Mais ce n’est pas pour rien que les partis représentés à l’Assemblée nationale rejettent à l’unanimité cette idée facile.
C’est parce qu’elle équivaudrait à anéantir un système de marché ou de bourse très sophistiqué, dans lequel le Québec a investi énormément et qui fonctionne bien, comme l’explique Patrick Gonzalez, professeur agrégé au Département d’économique de l’Université Laval.
Ce genre de système laisse en effet plus de choix aux entreprises pour s’organiser comme elles le souhaitent. Il a aussi fait ses preuves: c’est une bourse du genre qui a permis de régler la problématique des pluies acides, dans les années 1980.
À l’origine, M. Gonzalez avait tout de même critiqué le caractère lourd et complexe du système choisi par le Québec. Sauf que maintenant qu’il est en place, et voyant les résultats, il considère que «c’est une belle machine et que ce serait idiot de la scrapper (...) C’est l’équivalent d’un changement de système de chauffage qu’on a remplacé», illustre-t-il.
Marge de manœuvre
Au Québec, contrairement à la taxe carbone que vient d’abandonner le Canada, on a en effet opté pour un système de plafonnement et d’échange de droits d’émission de gaz à effet de serre (SPEDE).

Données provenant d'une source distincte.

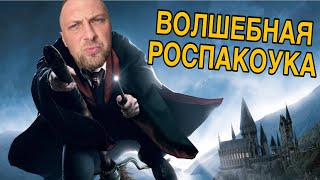 ВОЛШЕБНАЯ РОСПАКОУКА | ЗУБАРЕВ В КИТАЕ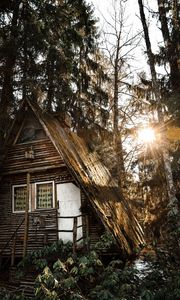 Preview wallpaper house, forest, sunlight, trees, glare, nature
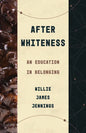 After Whiteness: An Education in Belonging - Paperback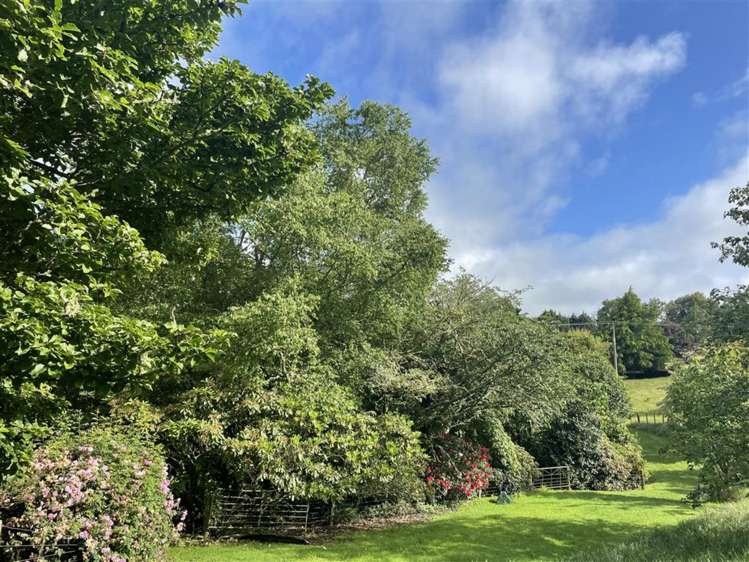 488 Tapuwae Road Benneydale_9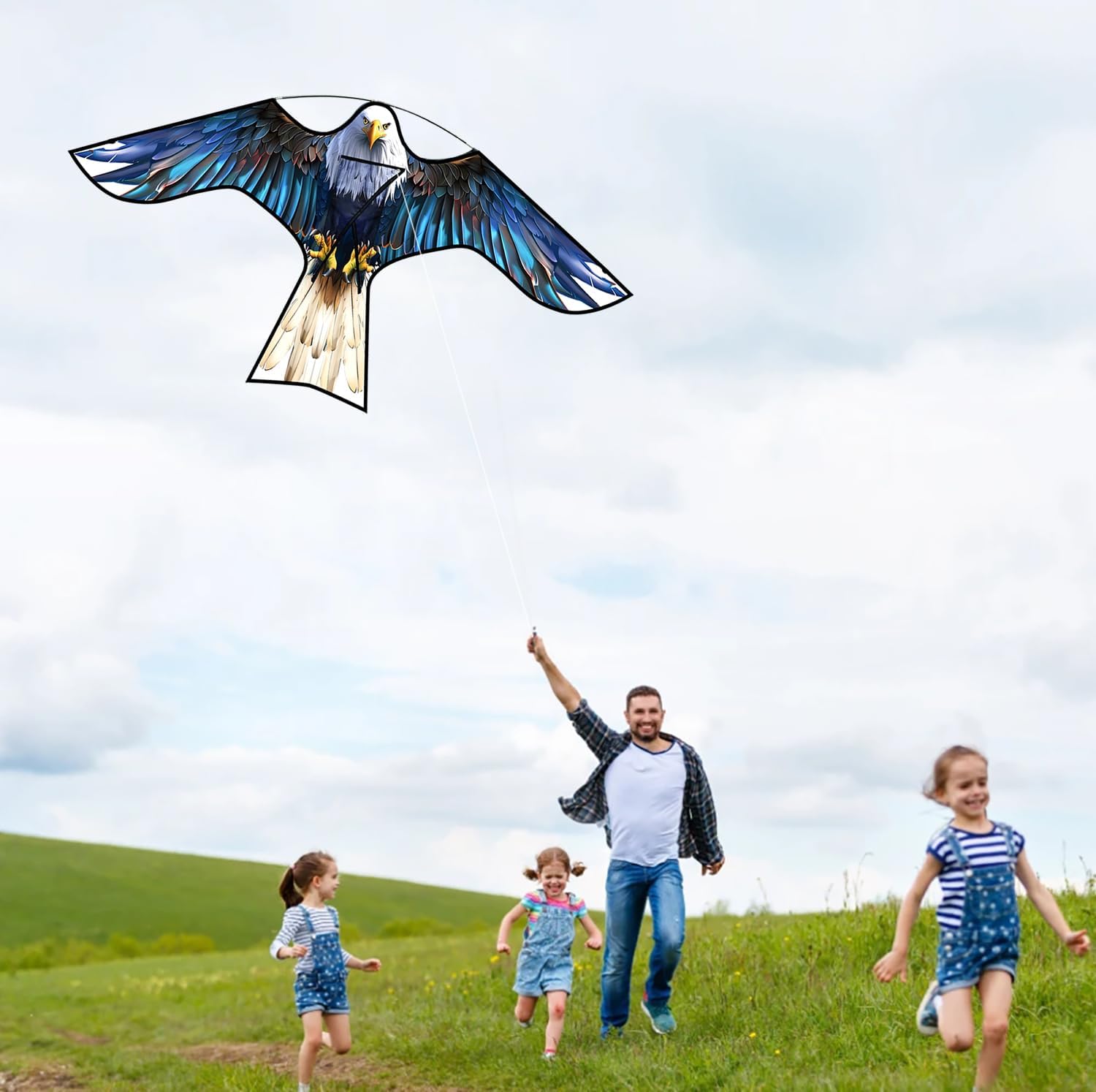 Bird Hawk Flying Kite,for Kids and Adults,for Crops Farm Protector Bird Scarer,Excellent Fabric and Structure Design, The Pictures are Beautiful,Suitable for Beginners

Celui-ci est lié, depuis 2014, au marché de la Californie.
Dans tous les cas, l’objectif consiste à lutter contre les changements climatiques en incitant les entreprises à réduire leurs émissions de GES, qui peuvent refiler une partie de la facture aux consommateurs.
Rien n’empêcherait cependant le gouvernement du Québec de décider de fixer des objectifs moins ambitieux en matière de réduction des GES. En d’autres termes, il serait possible de moduler le système. «Si les gens trouvent qu’on fait trop d’efforts ou qu’on paie trop cher, le ministre a toute la latitude pour faire ça», confirme le professeur Gonzalez.
On pourrait aussi très bien revoir la façon de dépenser les milliards de dollars qui sont générés par le SPEDE. «C’est là-dessus qu’il devrait y avoir un plus gros débat», considère le professeur Gonzalez, qui serait favorable à l’idée de remettre ces fonds au public.
Et si les gens trouvent qu’ils paient trop cher l’essence, il y aurait moyen d’agir sur la taxe sur le carburant, qui est pas mal plus élevée que la taxe carbone. Mais c’est un autre débat.
Injuste pour le Québec
Il serait par ailleurs injuste et inapproprié que le Québec demeure la seule province à faire des efforts. Là-dessus, Duhaime marque un point.
Après son élection, le premier ministre Mark Carney a annoncé l’abandon de ce qui avait été mis en place au Canada. Ce geste politique faisait écho à Pierre Poilievre et son «axe the taxe». L’argent retournait pourtant dans les poches des contribuables, ce qui a été très mal expliqué.
Mais considérant que, dans tous les pays développés, des mécanismes pour réguler le carbone existent, Carney devra arriver avec une autre proposition, et plus tôt que tard.